L’artiste Suisse elie zoé, dissert, retrace son parcours et évoque son dernier single de même que son opus prochain….
Quatrième album, déjà, avec ce « shifting forms » prévu le 10 octobre ! Quel regard portes-tu sur ces années de scène et de sorties discographiques ?
J’ai commencé à écrire des chansons à l’âge de 18 ans, en faisant une « pause d’études » – que je n’ai jamais reprises -, et j’en aurai 34 à la sortie de « shifting forms ». Je vois le courage qu’il a fallu avoir pour se lancer dans cette activité d’auteur-compositeur-interprète qui, en Suisse d’où je viens, n’a pas de statut et n’est pas considérée comme un métier.

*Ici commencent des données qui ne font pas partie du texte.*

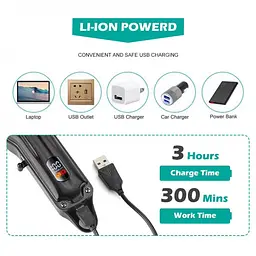Акумуляторна машинка для стрижки (clipper) VGR V-051, 4 насадки, 2500 mAh, LED-дисплей - мініатюра 6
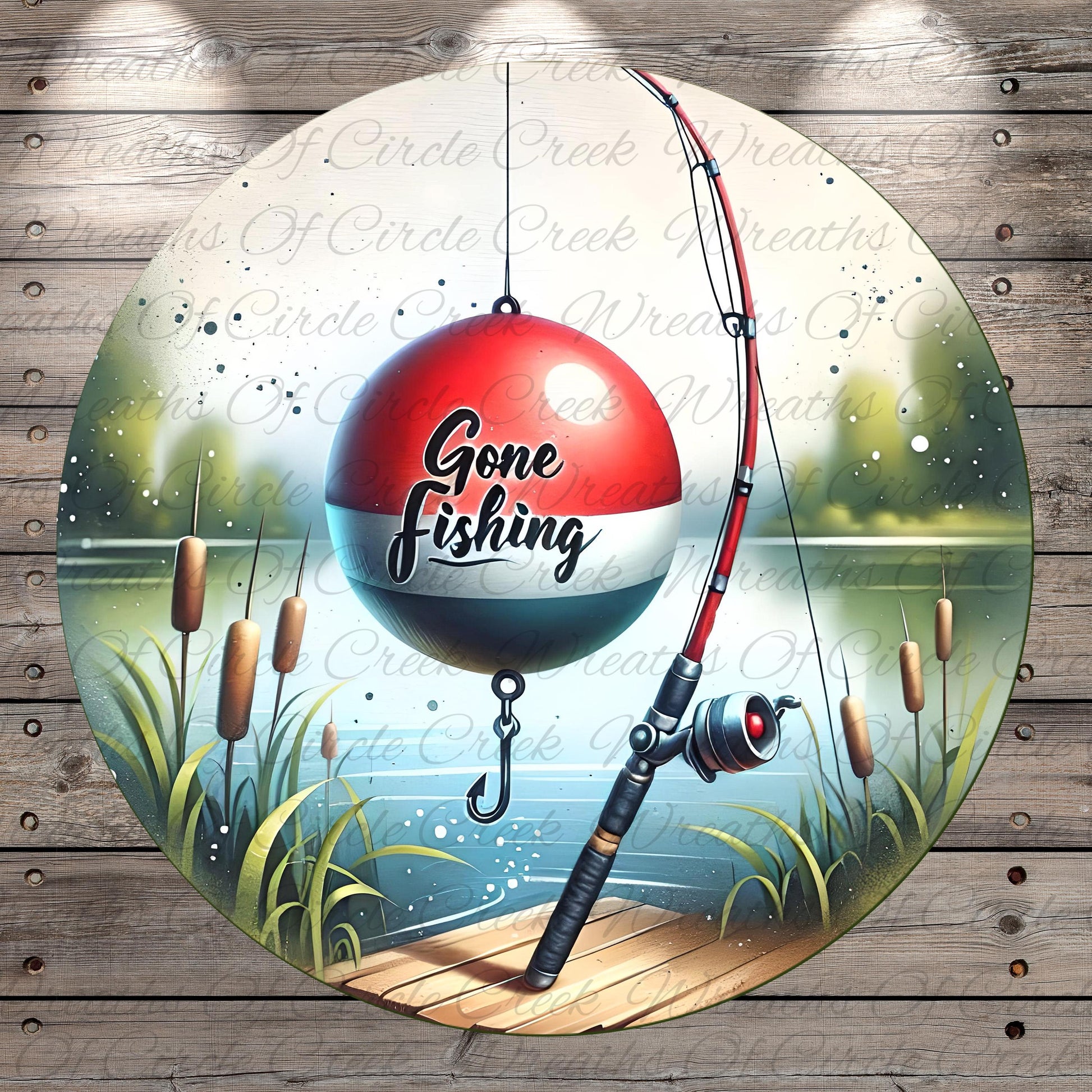 A red and white fishing float with the text "Gone Fishing" is shown on a wooden dock, with a fishing rod and reeds in the background.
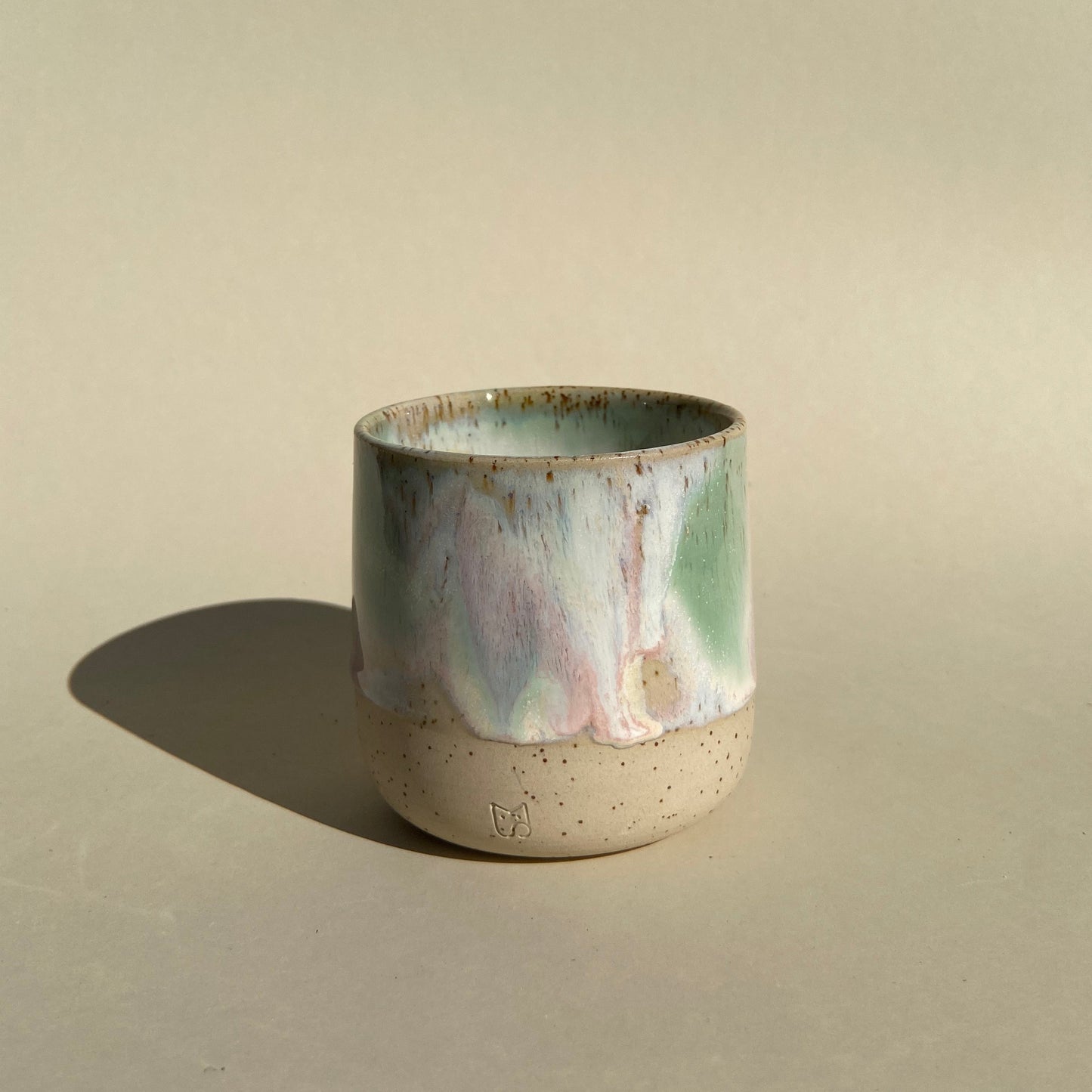 Keramik Becher Handgefertigt Studio Moki Grün Rosa William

Je perçois ces 16 ans comme des années d’apprentissage autodidacte en continu, dont j’ai toujours gardé l’approche DIY : si on ne sait pas comment faire, il doit bien y avoir une manière de l’apprendre…d’ailleurs je ne connais presque rien au solfège et pourtant j’écris des chansons, les publie et les partage sur scène. J’ai fait la liste récemment, j’ai joué plus de 700 concerts à ce jour!
Pour cela, je suis aussi très reconnaissant envers toutes les personnes merveilleuses que j’ai croisées sur ce chemin et qui petit à petit, ont formé une tribu de proches avec qui je collabore régulièrement, dont des collègues qui m’accompagnent.
Je vois un long parcours linéaire, énormément de travail à porter ce projet et toutes ses facettes (composition, enregistrements et concerts, mais aussi art visuel, graphisme, communication, management, RH, rédaction et j’en passe), ainsi que d’autres projets : j’ai aussi sorti des albums de collaborations, dont « /A\ » avec Franz Treichler des Young Gods, Autisti avec Louis Jucker, « Pigeons » avec Christian Garcia-Gaucher et « Berceuses » en collectif à gouvernance horizontale à 8 personnes.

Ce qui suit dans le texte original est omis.